%%
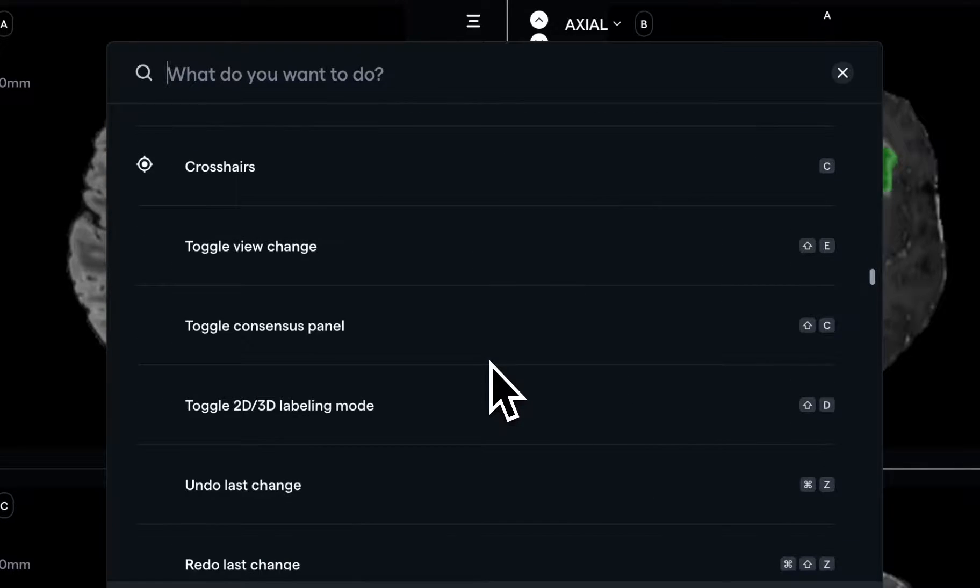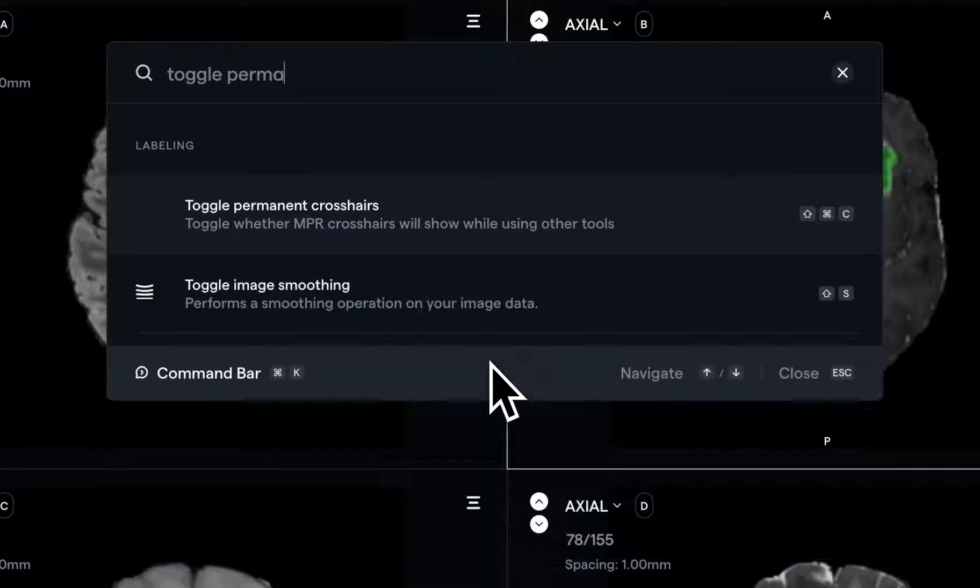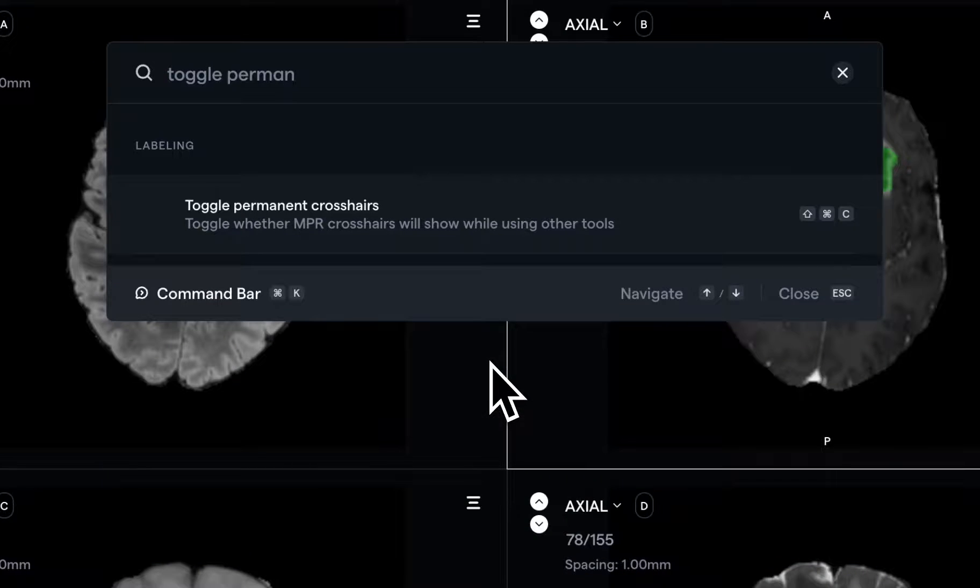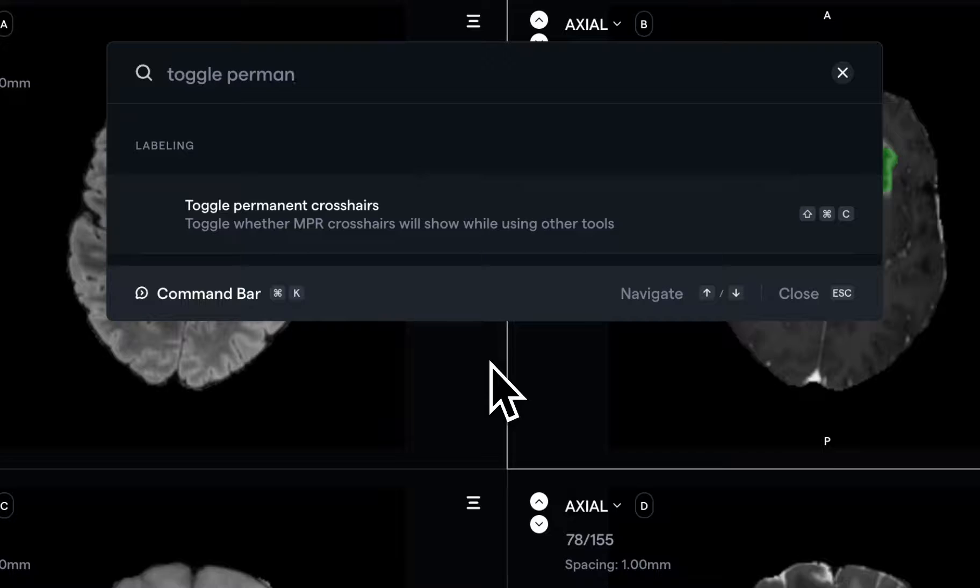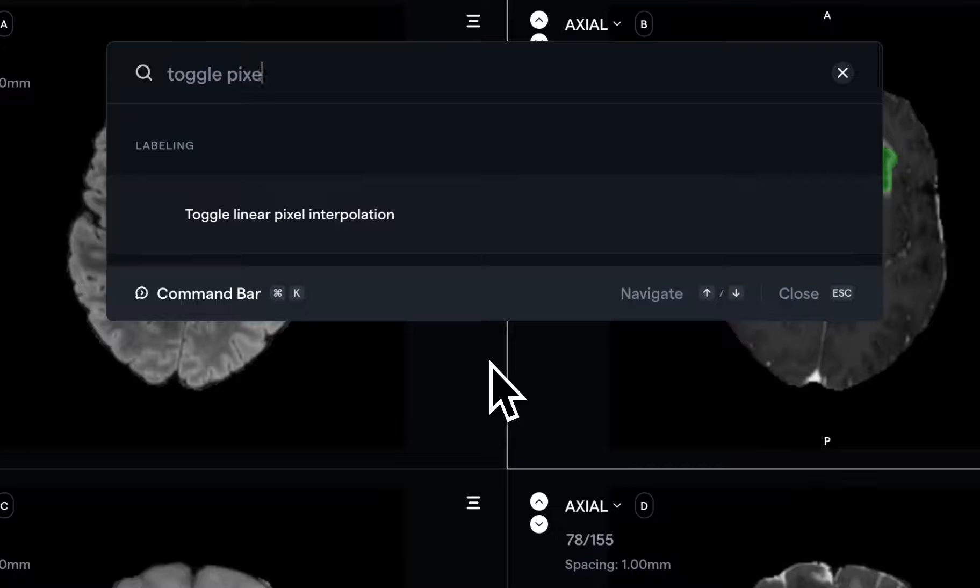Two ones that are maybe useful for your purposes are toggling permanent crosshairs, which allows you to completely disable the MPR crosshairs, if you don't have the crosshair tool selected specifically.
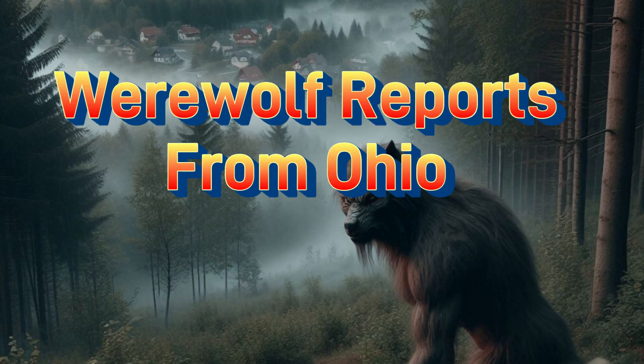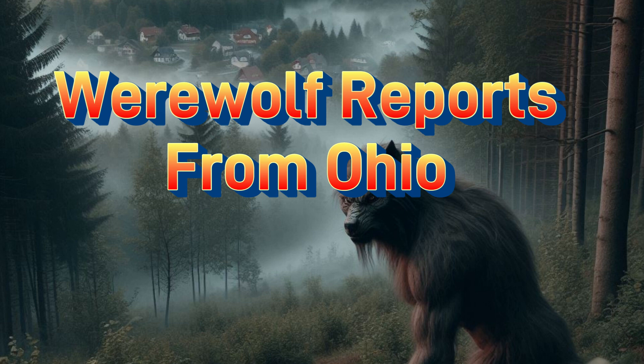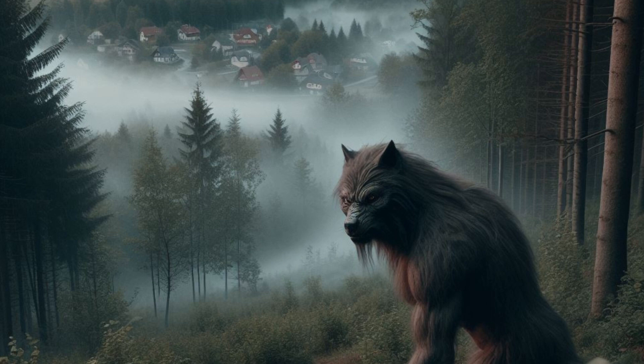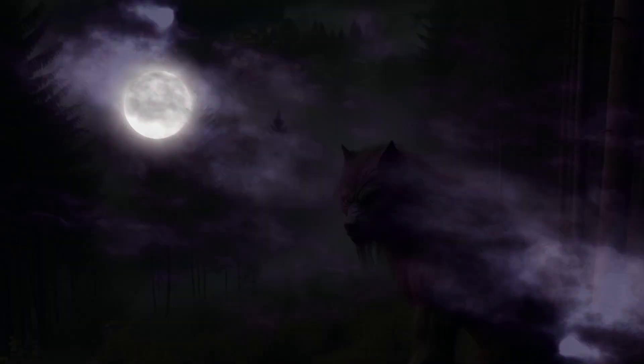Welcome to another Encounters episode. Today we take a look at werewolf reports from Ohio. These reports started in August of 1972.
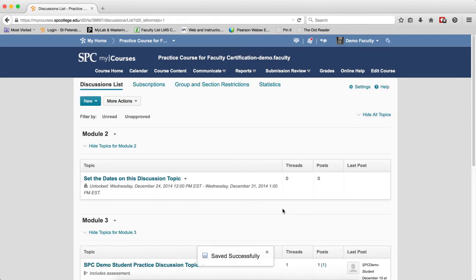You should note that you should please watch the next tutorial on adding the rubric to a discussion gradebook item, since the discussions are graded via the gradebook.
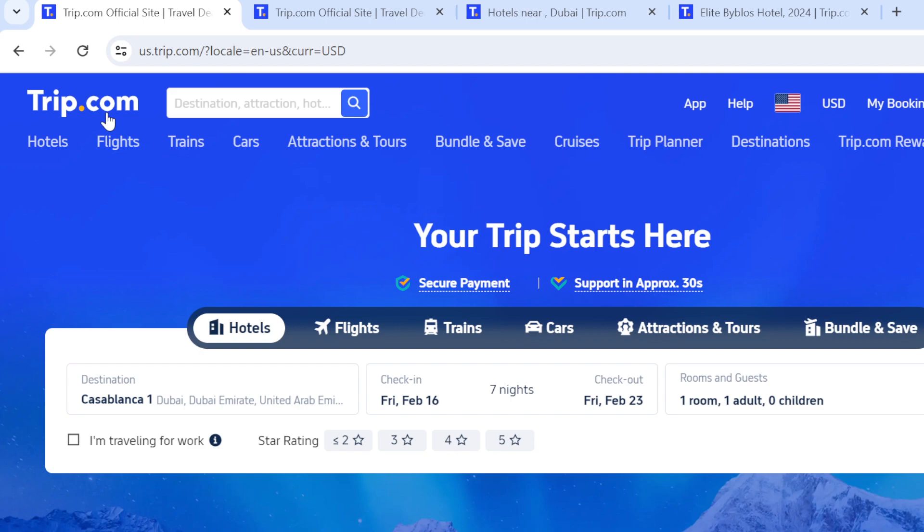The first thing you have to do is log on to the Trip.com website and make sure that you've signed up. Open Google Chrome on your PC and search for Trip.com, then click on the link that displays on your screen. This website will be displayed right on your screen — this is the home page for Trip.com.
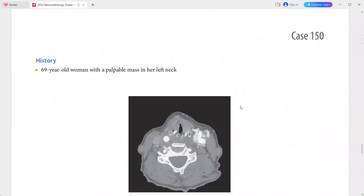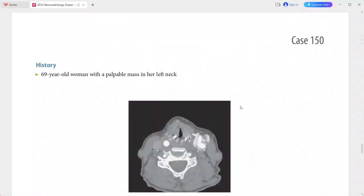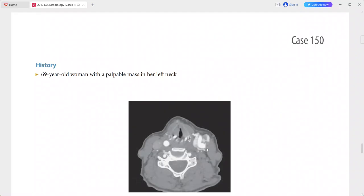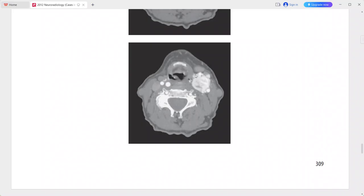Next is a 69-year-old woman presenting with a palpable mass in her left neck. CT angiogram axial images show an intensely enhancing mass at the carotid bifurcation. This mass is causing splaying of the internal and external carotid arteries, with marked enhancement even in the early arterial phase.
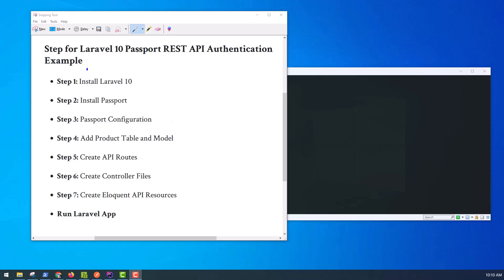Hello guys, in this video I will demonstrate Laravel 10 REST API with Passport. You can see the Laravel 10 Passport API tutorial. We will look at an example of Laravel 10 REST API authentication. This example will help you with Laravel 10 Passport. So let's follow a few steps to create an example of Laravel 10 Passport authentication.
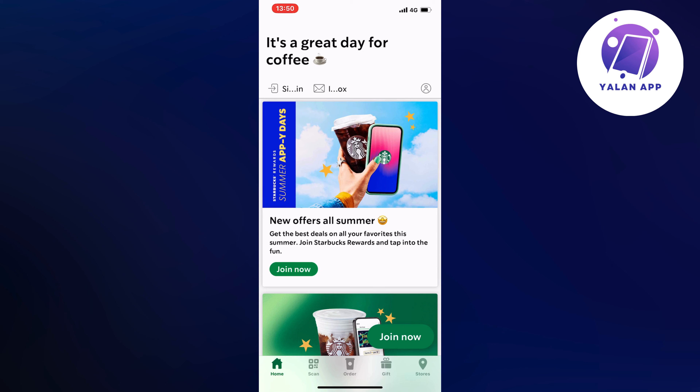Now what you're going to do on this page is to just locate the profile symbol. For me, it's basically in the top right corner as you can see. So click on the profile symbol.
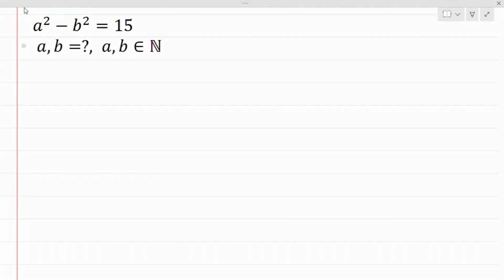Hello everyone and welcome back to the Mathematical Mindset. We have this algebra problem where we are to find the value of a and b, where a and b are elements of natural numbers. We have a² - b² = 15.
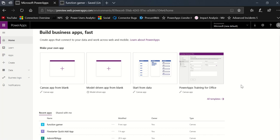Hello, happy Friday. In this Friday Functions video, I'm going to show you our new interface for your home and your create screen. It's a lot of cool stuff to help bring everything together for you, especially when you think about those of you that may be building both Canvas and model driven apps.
%%
ABOUT THIS EXERCISE:
Here the requirement is to restate exactly the line holding "Next is a 69-year-old" and every later line through the end of the material, omitting pictures.

SOLVED EXERCISE:
Next is a 69-year-old woman presenting with a palpable mass in her left neck. CT angiogram axial images show an intensely enhancing mass at the carotid bifurcation. This mass is causing splaying of the internal and external carotid arteries, with marked enhancement even in the early arterial phase.
Hello guys, in this video I will demonstrate Laravel 10 REST API with Passport. You can see the Laravel 10 Passport API tutorial. We will look at an example of Laravel 10 REST API authentication. This example will help you with Laravel 10 Passport. So let's follow a few steps to create an example of Laravel 10 Passport authentication.
Now what you're going to do on this page is to just locate the profile symbol. For me, it's basically in the top right corner as you can see. So click on the profile symbol.
Hello everyone and welcome back to the Mathematical Mindset. We have this algebra problem where we are to find the value of a and b, where a and b are elements of natural numbers. We have a² - b² = 15.
Hello, happy Friday. In this Friday Functions video, I'm going to show you our new interface for your home and your create screen. It's a lot of cool stuff to help bring everything together for you, especially when you think about those of you that may be building both Canvas and model driven apps.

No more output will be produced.